WORK REQUEST:
Starting at the top of the entries below, print each line exactly until the line with "Musical shift from" has been printed too.

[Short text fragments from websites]
== Segment start ==

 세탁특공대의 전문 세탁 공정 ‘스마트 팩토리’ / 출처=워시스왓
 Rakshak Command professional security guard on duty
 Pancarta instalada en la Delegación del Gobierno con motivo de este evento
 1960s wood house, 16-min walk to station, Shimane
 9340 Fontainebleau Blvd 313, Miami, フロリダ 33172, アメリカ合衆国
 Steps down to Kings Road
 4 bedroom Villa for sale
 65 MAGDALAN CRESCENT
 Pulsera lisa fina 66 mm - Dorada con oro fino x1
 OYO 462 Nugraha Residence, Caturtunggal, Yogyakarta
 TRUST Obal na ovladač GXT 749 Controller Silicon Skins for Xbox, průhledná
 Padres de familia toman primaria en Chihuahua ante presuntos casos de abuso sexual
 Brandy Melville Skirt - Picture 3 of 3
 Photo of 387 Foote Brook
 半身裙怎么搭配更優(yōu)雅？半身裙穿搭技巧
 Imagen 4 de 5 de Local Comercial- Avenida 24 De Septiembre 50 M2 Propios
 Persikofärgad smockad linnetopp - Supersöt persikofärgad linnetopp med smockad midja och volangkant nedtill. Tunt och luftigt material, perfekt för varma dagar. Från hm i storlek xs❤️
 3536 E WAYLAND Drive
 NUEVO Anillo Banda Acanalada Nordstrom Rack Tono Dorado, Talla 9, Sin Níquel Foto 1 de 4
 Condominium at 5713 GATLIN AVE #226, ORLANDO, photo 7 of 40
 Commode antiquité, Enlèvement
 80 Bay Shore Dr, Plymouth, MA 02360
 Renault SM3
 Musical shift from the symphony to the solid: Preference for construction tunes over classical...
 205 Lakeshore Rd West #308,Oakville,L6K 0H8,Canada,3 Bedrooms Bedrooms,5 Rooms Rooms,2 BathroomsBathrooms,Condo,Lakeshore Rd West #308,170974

== Segment end ==

ANSWER BOX:
 세탁특공대의 전문 세탁 공정 ‘스마트 팩토리’ / 출처=워시스왓
 Rakshak Command professional security guard on duty
 Pancarta instalada en la Delegación del Gobierno con motivo de este evento
 1960s wood house, 16-min walk to station, Shimane
 9340 Fontainebleau Blvd 313, Miami, フロリダ 33172, アメリカ合衆国
 Steps down to Kings Road
 4 bedroom Villa for sale
 65 MAGDALAN CRESCENT
 Pulsera lisa fina 66 mm - Dorada con oro fino x1
 OYO 462 Nugraha Residence, Caturtunggal, Yogyakarta
 TRUST Obal na ovladač GXT 749 Controller Silicon Skins for Xbox, průhledná
 Padres de familia toman primaria en Chihuahua ante presuntos casos de abuso sexual
 Brandy Melville Skirt - Picture 3 of 3
 Photo of 387 Foote Brook
 半身裙怎么搭配更優(yōu)雅？半身裙穿搭技巧
 Imagen 4 de 5 de Local Comercial- Avenida 24 De Septiembre 50 M2 Propios
 Persikofärgad smockad linnetopp - Supersöt persikofärgad linnetopp med smockad midja och volangkant nedtill. Tunt och luftigt material, perfekt för varma dagar. Från hm i storlek xs❤️
 3536 E WAYLAND Drive
 NUEVO Anillo Banda Acanalada Nordstrom Rack Tono Dorado, Talla 9, Sin Níquel Foto 1 de 4
 Condominium at 5713 GATLIN AVE #226, ORLANDO, photo 7 of 40
 Commode antiquité, Enlèvement
 80 Bay Shore Dr, Plymouth, MA 02360
 Renault SM3
 Musical shift from the symphony to the solid: Preference for construction tunes over classical...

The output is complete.